Workers in the south of the United Kingdom are more likely to feel “burnt out” or “on edge” because of pressures at work than their northern counterparts, according to a new report.
Research into workplace stress by Crunch Accounting found that a quarter of employees in the south would consider leaving their jobs because they are burnt out or always ill, compared to 22 per cent of those in the north and 18 per cent of workers in the Midlands.
Similarly, 30 per cent of southern workers questioned said they always felt on edge, compared to 25 per cent in the north and 21 per cent in the Midlands. However, when it came to more general stress, workers throughout the country had more mixed experiences.
38 per cent in the North said they always felt stressed, compared to 34 per cent of southerners and 29 per cent of employees in the Midlands.
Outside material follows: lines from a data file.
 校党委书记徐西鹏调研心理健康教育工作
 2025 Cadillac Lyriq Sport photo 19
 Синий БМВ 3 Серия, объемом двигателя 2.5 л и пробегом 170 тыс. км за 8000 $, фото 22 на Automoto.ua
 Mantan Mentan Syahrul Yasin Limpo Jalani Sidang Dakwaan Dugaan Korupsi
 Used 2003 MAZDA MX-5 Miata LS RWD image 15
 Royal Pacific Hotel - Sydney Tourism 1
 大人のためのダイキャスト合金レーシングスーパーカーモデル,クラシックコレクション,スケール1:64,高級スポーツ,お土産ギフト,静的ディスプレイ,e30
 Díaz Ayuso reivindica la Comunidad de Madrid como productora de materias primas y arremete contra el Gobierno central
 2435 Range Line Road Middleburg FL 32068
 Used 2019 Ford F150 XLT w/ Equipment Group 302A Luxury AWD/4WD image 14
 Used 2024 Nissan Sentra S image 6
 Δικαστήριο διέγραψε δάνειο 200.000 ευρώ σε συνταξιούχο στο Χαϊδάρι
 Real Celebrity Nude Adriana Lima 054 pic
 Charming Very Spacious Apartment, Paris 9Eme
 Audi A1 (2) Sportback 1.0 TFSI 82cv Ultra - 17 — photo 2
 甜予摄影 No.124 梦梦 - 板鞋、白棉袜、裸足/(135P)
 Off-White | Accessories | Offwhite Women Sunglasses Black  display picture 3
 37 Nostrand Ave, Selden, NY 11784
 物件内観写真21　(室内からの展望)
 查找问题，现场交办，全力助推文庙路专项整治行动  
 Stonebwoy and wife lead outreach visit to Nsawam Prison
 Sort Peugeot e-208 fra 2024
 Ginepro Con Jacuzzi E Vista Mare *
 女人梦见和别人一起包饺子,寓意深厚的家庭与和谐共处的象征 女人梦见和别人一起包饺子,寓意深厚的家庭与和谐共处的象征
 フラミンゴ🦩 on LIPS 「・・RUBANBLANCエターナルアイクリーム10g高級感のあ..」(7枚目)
Meanwile, 50 per cent of workers in the north and 49 per cent in the Midlands said they experienced “Sunday night dread”, compared to 33 per cent in the south.
These issues are affecting workers’ self-esteem, with 27 per cent of those in the south and 24 per cent of those in the north and the Midlands saying that they were remaining in their current positions due to a lack of confidence in their ability to secure another job.
Aggressive management styles were one of the most commonly cited problems, experienced by 17 per cent in the north, 16 per cent in the south and 14 per cent in the Midlands.
“Although a few regional trends have emerged from our survey, it’s concerning to see such a universally consistent picture of stress and anxiety caused by workplace issues,” said Helen Monk, people manager at Crunch Accounting, commenting on the findings.
“Perhaps not surprisingly, this issue seems to be affecting confidence levels and damaging self-esteem. It’s fair to say many of these people would be better off leaving for pastures new, whether that’s a different role, starting up on their own as a sole trader or founding a limited company.”